Don't Wait To Obtain An IEP

Last week there was a big back to school event for my kids' school district and my alma mater. It was amazing to be inside and see how much my school has grown from that time so many years ago when just 54 of us walked across the stage to today’s district graduating classes over 300 and 400 kids. It also highlights some of the issues facing our teachers and families every school year. While our school started last week, other schools around the county are starting this week.

I’ve always done my best to support the schools in any way I can from volunteering in the classroom and PTO to donating supplies and treats for teachers but that just doesn’t seem to be enough anymore. As a lawyer, I learned education law to advocate for my children and then began advocating for others. I learned quickly that the schools cannot keep up with the increasing demand for special education services.

Depending on which study you read, Oklahoma ranks somewhere between 42nd and 49th in education. Our low ranking is a combination of a lack of school funding, low teacher pay, high teacher attrition, high amounts of emergency teacher certification, high levels of poverty and food insecurity, plus high rates of addiction, incarceration, abuse, and mental illness in homes. Our kids have it coming from all angles. Teachers are expected to do more than just teaching, they also take on high amounts of parenting, counseling, and other non-teaching responsibilities. These struggles within our schools are real and difficult and not just limited to schools with high rates of poverty.

Another complicating factor for children and students is the special education “school to prison pipeline” which refers to the practices which tend to push children with disabilities out of the classroom and into the juvenile justice system.

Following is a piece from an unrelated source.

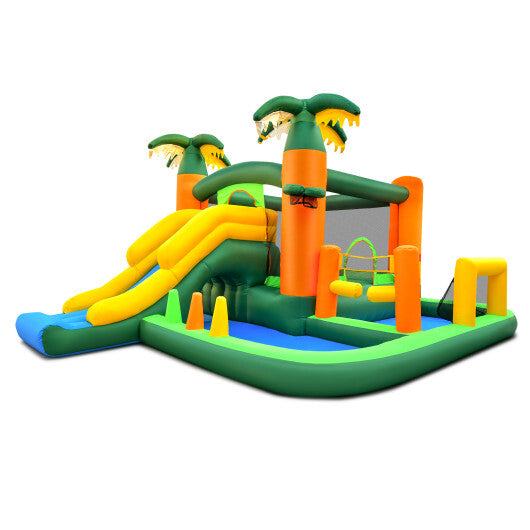 Big Inflatable Bounce House with Slide and Ball Pits for Indoor and Outdoor with 735W Blower - Color: Green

Studies indicate that up to 85% of children in juvenile detention qualify for special education services related to disability but that only 37% of student receive services. However, even youth in detention are entitled to special education services including an Individualized Education Plan (IEP) and behavioral support. Parents who have a child with a disability that impacts learning and behavior must be proactive in requesting IEP and special education services. Additionally, they must push back when schools lacking sufficient resources fail to offer services.

In my opinion, the first thing a parent should do after a child is diagnosed with a disability is to seek a referral for special education services. Many tell me “well he/she was progressing ok so we didn’t think it was necessary.” However, children are often progressing OK until they aren’t and that switch can flip quickly and sometimes without notice. The first step in getting an IEP is to have a referral. Either the school can make a referral or a parent can ask. If a child has been diagnosed with a disability, the school must assess the child even if the child is doing “fine.” The request may be verbal but in practice should be in writing and the parent must execute a consent for the child to be evaluated.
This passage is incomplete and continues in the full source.